Arrivé à Nola (1983) , désireux de connaître le contexte social du R’& B’ de ce lieu, musique qu’il connaît très bien (sur disques), il tombe dans une ambiance bloquée dans l’esprit jazz 50-60, parsemée de contemporain et un peu de Free timide, ainsi que les anciennes stars du R’n B’ locale tentant de remonter leur carrière par le biais des Beatles, le Disco et divers tartufferies. Le ‘New-Orleans jazz and heritage festival’ gagne du terrain en apportant un renouveau pour la musique ‘roots’ à laquelle s’intéressent les amateurs de la ville. Il n’y a pas vraiment de style ‘New-Orleans’ à ce moment, du moins discernable et exploitable commercialement par les maisons de disques, et la scène est assez libre, un espace assez vite occupé par les ‘Jeunes Lions’ débutants (genre Winton Marsalis), qui vont faire pencher la tendance vers quelque chose de plutôt commercial (néo-conservateur) et freiner un processus expérimental en cours, mais pas suffisamment en place. Heureusement, grâce au souvenir de James Booker (Digne héritier pianistique du syle Nola, plein de fougue, de folie, improvisateur de génie, avec un son et un feeling brillants et déchirants, décédé en 1983, mais qu’avait déjà vu Benjamin devant un public de… 4, 5 personnes) et la présence du Dirty Dozen Brass band (toujours en activité) qui modernise le genre traditionnel par son intégration d’éléments BeBop,  enflammant hebdomadairement le club branché ‘Glass House’, ouvrant la voie à une génération de fanfare moderne aux tendances Funk et Hip-Hop. Et puis c’est l’apparition de Kidd Jordan dans le champ auditif de Benjamin. Musique ardue d’abord, il persévère, affine son écoute, et fini par vraiment entendre ce qu’il se passe. Il en profite pour intégrer toute une frange d’utilisateurs de ce langage nouveau (pour lui), et en apprend les codes (ou non-codes…).

Fin des ‘90, il assiste régulièrement aux scènes libres et créatives de Chicago et de New-York (Chicago Jazz Festival et Visions Festival). C’est la musique qui lui plait, qui lui parle . Parmi ses amis d’alors, à Nola, de jeunes talents se détachent du groupe qu’il fréquente et qui ont largement autant à apporter que des musiciens plus en vogue dans le pays. Mais confinés à Nola… stagnation. Il rêve de les sortir du terrier pour réveiller un monde musical, indifférent aux réelles perspectives et sens de ce genre de création… avec une qualité d’enregistrement  appropriée, supérieure à celle que les musiciens isolés peuvent se permettre (problémes de coût, et d’intérêt des boites de musique). Il possède déjà une idée précise, et ambitieuse, de son but : échapper à l’économie de marché, ne pas penser aux relations commerciales/gain, bref, c’est moins pour gagner de l’argent (sur le dos des artistes) que pérenniser cette forme d’art qui le touche, permettre aux musiciens d’être reconnus, et de vivre de leur talent.

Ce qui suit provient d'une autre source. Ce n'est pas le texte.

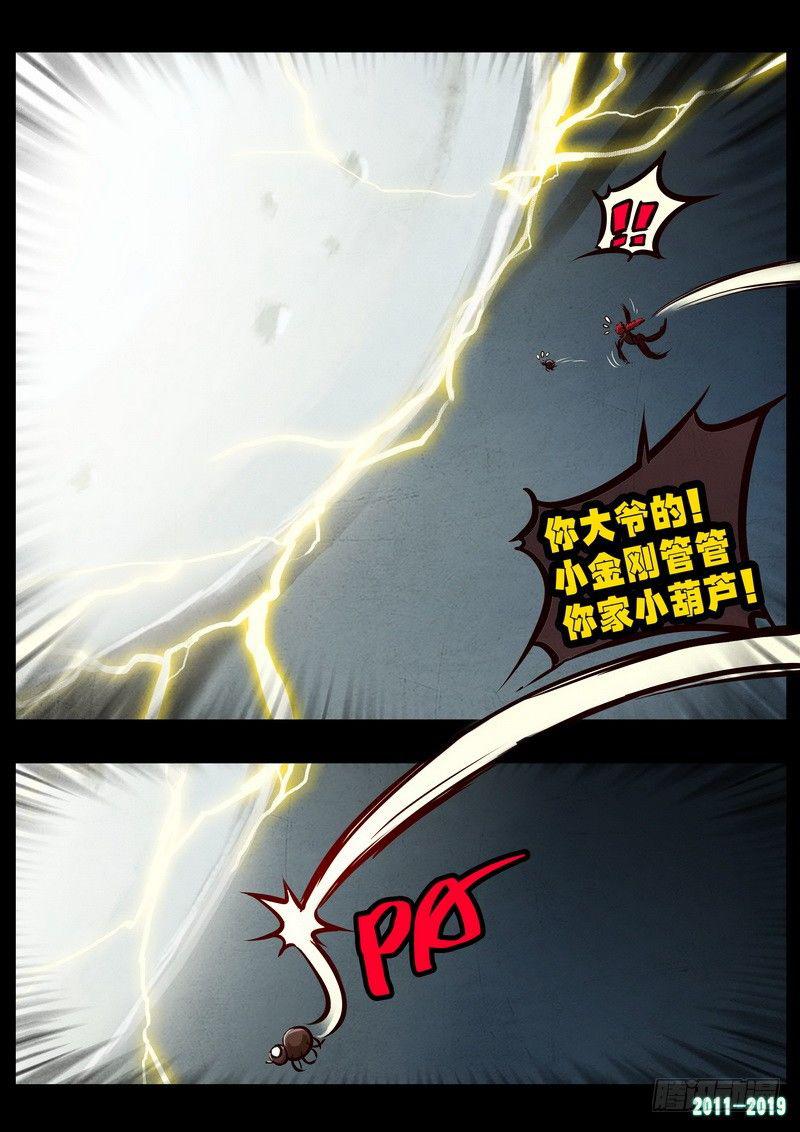 尸兄（我叫白小飞）韩漫全集-第0243集无删减无遮挡章节图片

Il pense à son pote Mark Bingham pour l’aider, ingé-son talentueux, musicien, producteur, poète, philosophe, avec une réelle attention du son nécessaire à chaque projet particulier… L’idée initiale est d’enregistrer et trouver à publier les travaux… Nous ne sommes pas loin de l’an 2000, la plupart de labels indépendants sont déjà en crise, alors il se retrousse les manches et assume le boulot, seul. Et hop, début de l’histoire.

(D’après un interview de Godston, vers 2010)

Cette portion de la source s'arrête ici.